(SOURCE INFORMATION begins)

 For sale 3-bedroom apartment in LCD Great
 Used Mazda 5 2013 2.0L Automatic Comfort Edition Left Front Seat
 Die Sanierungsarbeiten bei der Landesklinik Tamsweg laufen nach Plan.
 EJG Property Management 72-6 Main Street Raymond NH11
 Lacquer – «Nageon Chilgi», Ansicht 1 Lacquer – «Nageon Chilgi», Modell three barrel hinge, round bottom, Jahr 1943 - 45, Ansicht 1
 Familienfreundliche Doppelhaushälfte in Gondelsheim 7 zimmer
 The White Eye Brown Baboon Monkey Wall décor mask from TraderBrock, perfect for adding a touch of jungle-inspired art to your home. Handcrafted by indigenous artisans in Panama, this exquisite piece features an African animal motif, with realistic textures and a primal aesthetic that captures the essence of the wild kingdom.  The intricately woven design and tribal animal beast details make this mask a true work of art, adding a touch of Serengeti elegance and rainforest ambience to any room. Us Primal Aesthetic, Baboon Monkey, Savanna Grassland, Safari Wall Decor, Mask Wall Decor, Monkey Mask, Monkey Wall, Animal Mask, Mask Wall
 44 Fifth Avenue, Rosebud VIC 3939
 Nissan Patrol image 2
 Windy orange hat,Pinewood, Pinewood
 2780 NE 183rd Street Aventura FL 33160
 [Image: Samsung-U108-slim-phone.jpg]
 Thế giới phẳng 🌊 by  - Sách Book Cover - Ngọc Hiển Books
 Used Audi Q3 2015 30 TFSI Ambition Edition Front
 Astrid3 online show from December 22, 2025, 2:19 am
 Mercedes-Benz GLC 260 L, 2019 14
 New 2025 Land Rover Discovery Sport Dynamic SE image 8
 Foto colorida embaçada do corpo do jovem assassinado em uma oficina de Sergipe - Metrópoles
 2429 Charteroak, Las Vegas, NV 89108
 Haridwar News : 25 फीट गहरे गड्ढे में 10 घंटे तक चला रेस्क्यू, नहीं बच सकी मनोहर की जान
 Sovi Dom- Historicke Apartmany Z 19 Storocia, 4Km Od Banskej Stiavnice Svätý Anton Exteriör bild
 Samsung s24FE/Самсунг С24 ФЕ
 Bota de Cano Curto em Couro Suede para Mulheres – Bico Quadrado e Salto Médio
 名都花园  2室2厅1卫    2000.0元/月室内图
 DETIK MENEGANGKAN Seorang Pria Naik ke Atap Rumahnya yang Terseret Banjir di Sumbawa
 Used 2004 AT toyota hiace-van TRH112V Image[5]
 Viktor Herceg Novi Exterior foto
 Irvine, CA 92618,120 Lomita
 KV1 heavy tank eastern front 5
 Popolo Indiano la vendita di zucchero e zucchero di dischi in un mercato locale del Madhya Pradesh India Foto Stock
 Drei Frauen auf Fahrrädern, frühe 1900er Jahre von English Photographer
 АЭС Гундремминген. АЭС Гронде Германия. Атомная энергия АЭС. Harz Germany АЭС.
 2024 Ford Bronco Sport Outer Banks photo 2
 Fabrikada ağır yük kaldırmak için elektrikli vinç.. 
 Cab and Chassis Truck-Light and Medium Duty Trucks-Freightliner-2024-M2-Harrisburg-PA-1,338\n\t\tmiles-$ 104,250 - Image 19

(SOURCE INFORMATION ends)

TASK BRIEF: Exactly as given, restate all the lines above.

EXPECTED ANSWER:
 For sale 3-bedroom apartment in LCD Great
 Used Mazda 5 2013 2.0L Automatic Comfort Edition Left Front Seat
 Die Sanierungsarbeiten bei der Landesklinik Tamsweg laufen nach Plan.
 EJG Property Management 72-6 Main Street Raymond NH11
 Lacquer – «Nageon Chilgi», Ansicht 1 Lacquer – «Nageon Chilgi», Modell three barrel hinge, round bottom, Jahr 1943 - 45, Ansicht 1
 Familienfreundliche Doppelhaushälfte in Gondelsheim 7 zimmer
 The White Eye Brown Baboon Monkey Wall décor mask from TraderBrock, perfect for adding a touch of jungle-inspired art to your home. Handcrafted by indigenous artisans in Panama, this exquisite piece features an African animal motif, with realistic textures and a primal aesthetic that captures the essence of the wild kingdom.  The intricately woven design and tribal animal beast details make this mask a true work of art, adding a touch of Serengeti elegance and rainforest ambience to any room. Us Primal Aesthetic, Baboon Monkey, Savanna Grassland, Safari Wall Decor, Mask Wall Decor, Monkey Mask, Monkey Wall, Animal Mask, Mask Wall
 44 Fifth Avenue, Rosebud VIC 3939
 Nissan Patrol image 2
 Windy orange hat,Pinewood, Pinewood
 2780 NE 183rd Street Aventura FL 33160
 [Image: Samsung-U108-slim-phone.jpg]
 Thế giới phẳng 🌊 by  - Sách Book Cover - Ngọc Hiển Books
 Used Audi Q3 2015 30 TFSI Ambition Edition Front
 Astrid3 online show from December 22, 2025, 2:19 am
 Mercedes-Benz GLC 260 L, 2019 14
 New 2025 Land Rover Discovery Sport Dynamic SE image 8
 Foto colorida embaçada do corpo do jovem assassinado em uma oficina de Sergipe - Metrópoles
 2429 Charteroak, Las Vegas, NV 89108
 Haridwar News : 25 फीट गहरे गड्ढे में 10 घंटे तक चला रेस्क्यू, नहीं बच सकी मनोहर की जान
 Sovi Dom- Historicke Apartmany Z 19 Storocia, 4Km Od Banskej Stiavnice Svätý Anton Exteriör bild
 Samsung s24FE/Самсунг С24 ФЕ
 Bota de Cano Curto em Couro Suede para Mulheres – Bico Quadrado e Salto Médio
 名都花园  2室2厅1卫    2000.0元/月室内图
 DETIK MENEGANGKAN Seorang Pria Naik ke Atap Rumahnya yang Terseret Banjir di Sumbawa
 Used 2004 AT toyota hiace-van TRH112V Image[5]
 Viktor Herceg Novi Exterior foto
 Irvine, CA 92618,120 Lomita
 KV1 heavy tank eastern front 5
 Popolo Indiano la vendita di zucchero e zucchero di dischi in un mercato locale del Madhya Pradesh India Foto Stock
 Drei Frauen auf Fahrrädern, frühe 1900er Jahre von English Photographer
 АЭС Гундремминген. АЭС Гронде Германия. Атомная энергия АЭС. Harz Germany АЭС.
 2024 Ford Bronco Sport Outer Banks photo 2
 Fabrikada ağır yük kaldırmak için elektrikli vinç.. 
 Cab and Chassis Truck-Light and Medium Duty Trucks-Freightliner-2024-M2-Harrisburg-PA-1,338\n\t\tmiles-$ 104,250 - Image 19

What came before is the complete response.